Six wins from 27 starts hardly reads like the career statistics of a stable star and a losing streak of eight starts suggests that his best days may be some way back in the distance and that he’s not ready to mix it with the best at Meydan on Dubai World Cup night.
Try telling that to Mick Channon about Youmzain – but keep your distance if you say it because the statistics only tell half the story.
In the case of Youmzain the margin between being hailed as a champion and one of the also-rans has never been that great. Four-and-a-quarter lengths separate him from being the only triple winner of the Prix de l’Arc Triomphe in the race’s history – rather than a three-time runner-up - and throw in another length and he would also be a dual winner of the Coronation Cup as opposed to finishing second both times.
There have, it has to be said, been a few other runs that do not seem anywhere near good enough – such as when he finished 10th of 13 in a group One race in Hong Kong last December -but Channon has long since accepted the overall package of a horse who does seem to take life on his own terms and who regards his box at Channon’s West Ilsely yard as very much his personal fiefdom. But criticise Youmzain and Channon will stiffen his sinew and defend the horse like a friend who has been slighted behind his back. “How many horses do you know which have finished three times in second place in the Arc?” he said. “I tell you what, a lot of winners of the Arc wouldn’t finish second three times.”
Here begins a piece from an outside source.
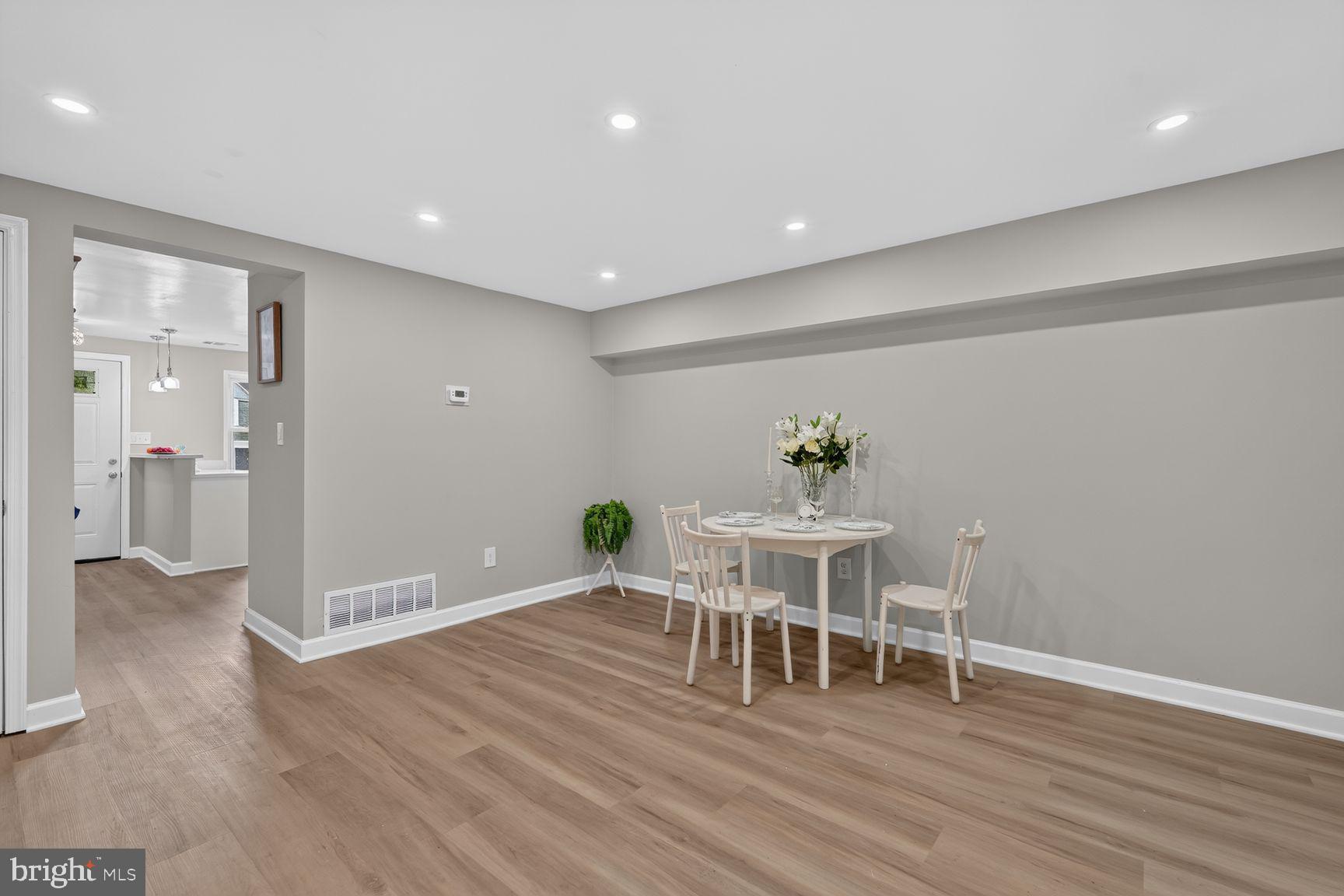 WINDMILL SQUARE - Residential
The point may be slightly lost in the delivery but the last time that Youmzain really delivered he beat a good field in the Group One Grand Prix de Saint-Cloud in June 2008; but his three attempts at the Dubai Sheema Classic have been less fruitful, with a close third to Vengeance of Rain in 2007 his best performance. Then he was ridden by Richard Hughes but it is Kieren Fallon who is the jockey charged with the mission of coaxing this seemingly impossible character to swap near-misses for direct hits on the bulls-eye at Meydan.
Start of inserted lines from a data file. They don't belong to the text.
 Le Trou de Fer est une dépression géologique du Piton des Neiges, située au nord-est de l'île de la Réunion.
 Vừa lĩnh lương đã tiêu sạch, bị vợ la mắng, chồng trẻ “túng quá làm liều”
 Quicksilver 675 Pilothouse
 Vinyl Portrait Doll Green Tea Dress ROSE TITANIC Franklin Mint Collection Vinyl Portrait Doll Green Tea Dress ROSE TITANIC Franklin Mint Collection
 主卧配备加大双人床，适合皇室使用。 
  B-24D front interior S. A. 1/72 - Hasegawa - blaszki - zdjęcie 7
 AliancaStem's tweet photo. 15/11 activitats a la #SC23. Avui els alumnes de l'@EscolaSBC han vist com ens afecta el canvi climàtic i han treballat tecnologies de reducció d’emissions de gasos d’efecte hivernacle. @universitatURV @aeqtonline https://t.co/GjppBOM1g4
Through all this Channon remains philosophical partly because, with earnings of over £3million and an original price tag of 30,000gns, Youmzain is paying his way in a manner that only a fraction of the 90 juveniles that Channon will run this Flat season are likely to do in their careers. Youmzain may have quirks but they are profitable ones nonetheless.
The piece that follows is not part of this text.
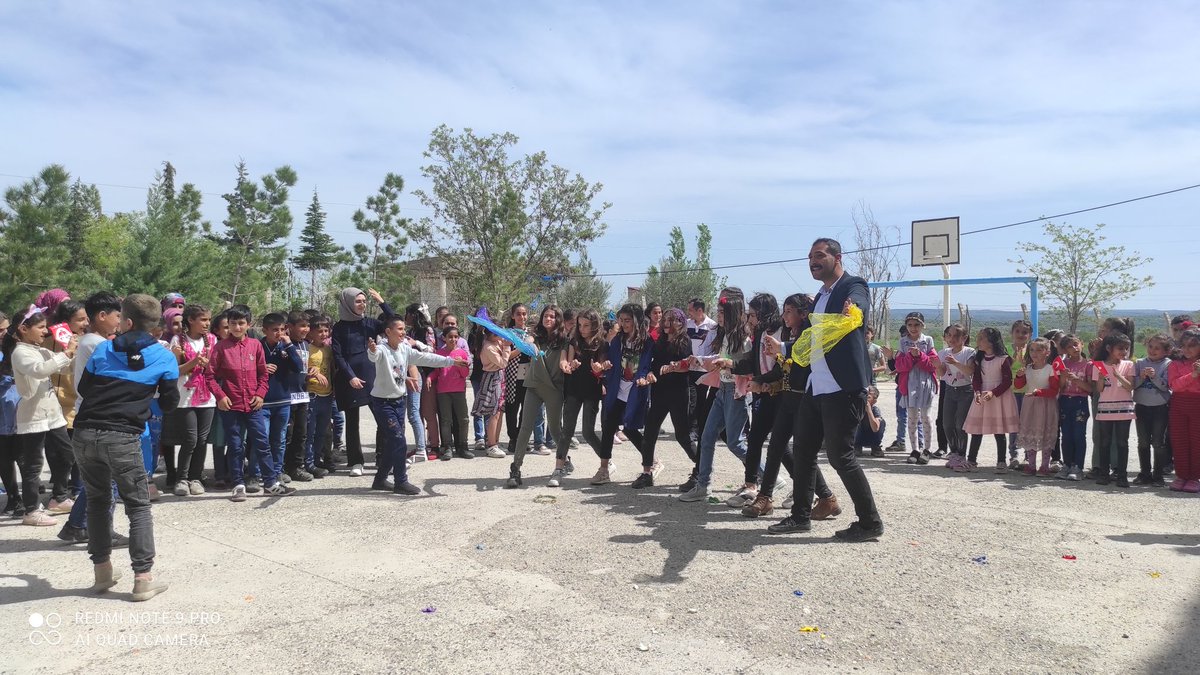 Gösterimiz bittikten sonra halaylarimizi da çektik. 🎶🎶 <a href="/Hesenikov/">Hasan Temiz</a>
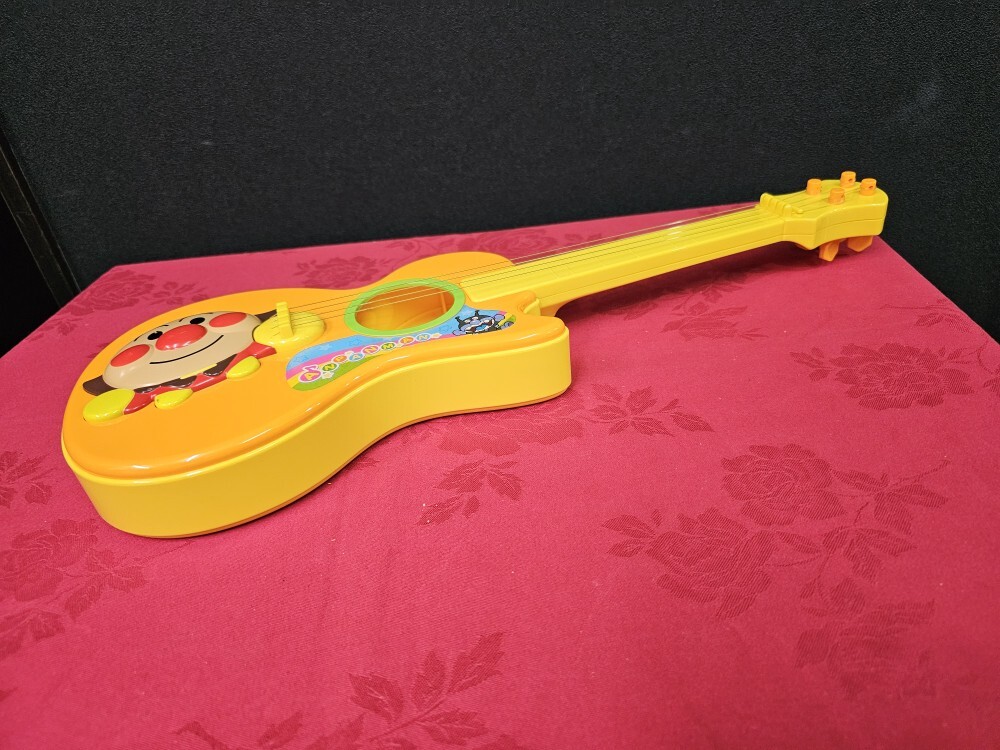 アンパンマン ギター 　 PINOCCHIO 子供 　キッズ 　楽器遊び　アンパンマンギター　楽器玩具　弦は４本　重さ 約298ｇ　ek-388y2_画像6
Channon is an ambitious man but he enters his sixth season with this nearly horse preferring to think of the glass as half full rather than half empty and believing that there is always another bottle ready to be poured in celebration.
“He’s a seven-year-old now and has seen it all,” Channon said. “Youmzain is Youmzain, there’s not much that I can say. Leslie, who has been here with him from the start, is pleased with him and I think he’s ok. Kieren’s ridden him in the past and has won on him. He knows him inside out and sat on him in Dubai. He did a couple of bits of work here. In fact he breezed him 10 days ago and was pleased with him.
“You know he only ran a bad race in Hong Kong. It just didn’t work out for him, but you wouldn’t mind having 10 of the Youmzains in your yard now, would you? I mean he hasn’t done anything wrong. He just needs the race to go his way. He has been good to us, no doubt. And I wouldn’t be surprised if he puts up a good performance in this year’s Arc.”
“Look, you can’t teach him new tricks. He’s what he is and that is a very good horse. Let’s just see what happens on Saturday.”
Channon just hopes that this time Youmzain can go the distance.